Data segment:
━━━
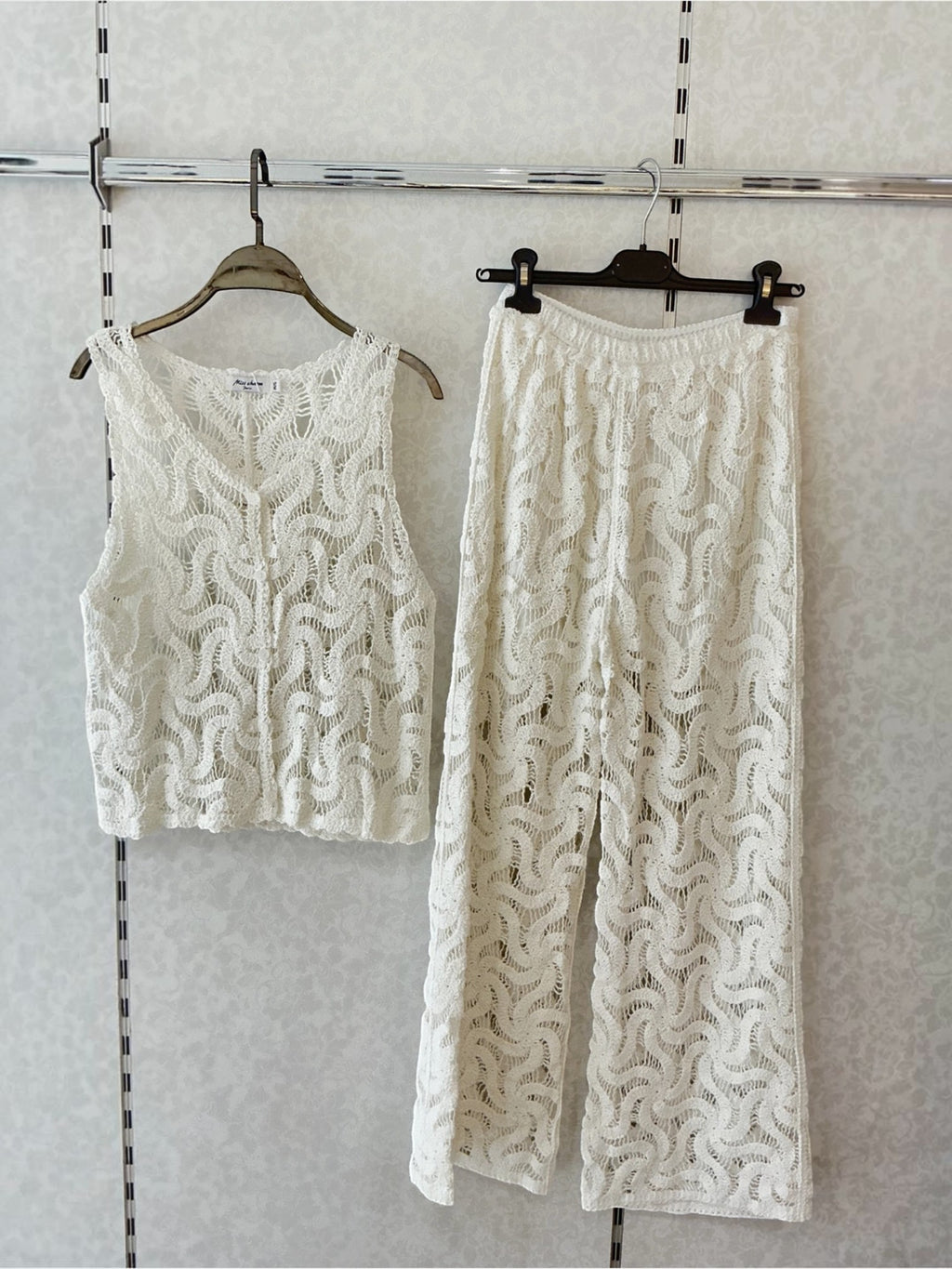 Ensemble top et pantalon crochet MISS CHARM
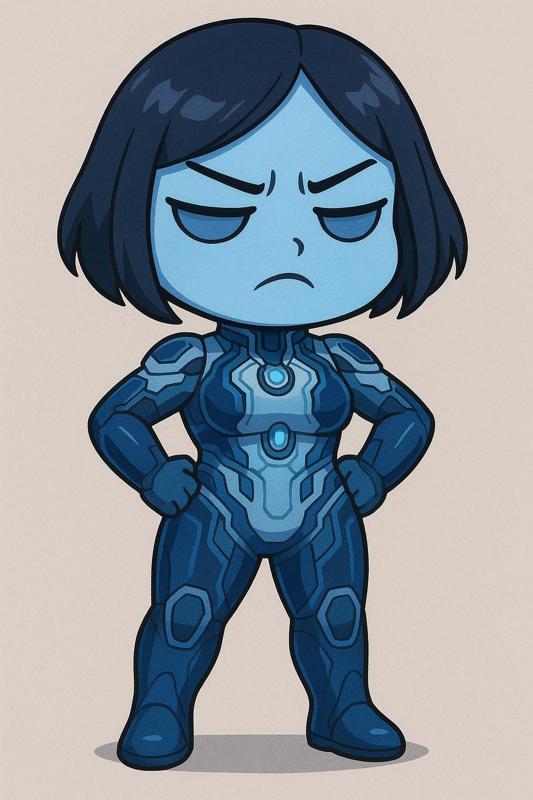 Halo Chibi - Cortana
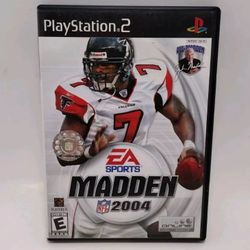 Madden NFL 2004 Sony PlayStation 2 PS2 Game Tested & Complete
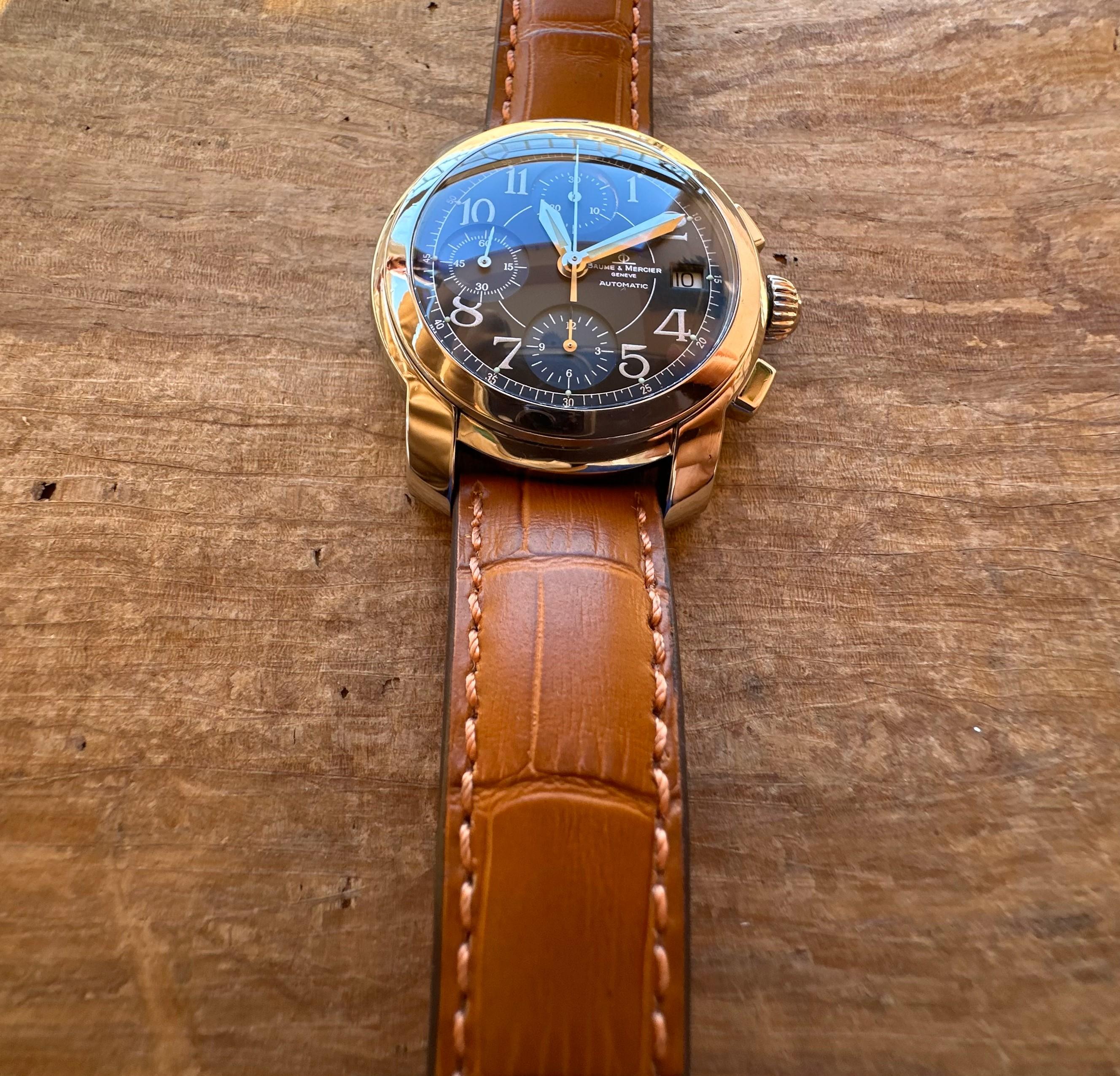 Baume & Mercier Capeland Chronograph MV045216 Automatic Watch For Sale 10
━━━
Prompt:
Without the images, write out each line of the data verbatim.

Answer space:
 Ensemble top et pantalon crochet MISS CHARM
 Halo Chibi - Cortana
 Madden NFL 2004 Sony PlayStation 2 PS2 Game Tested & Complete
 Baume & Mercier Capeland Chronograph MV045216 Automatic Watch For Sale 10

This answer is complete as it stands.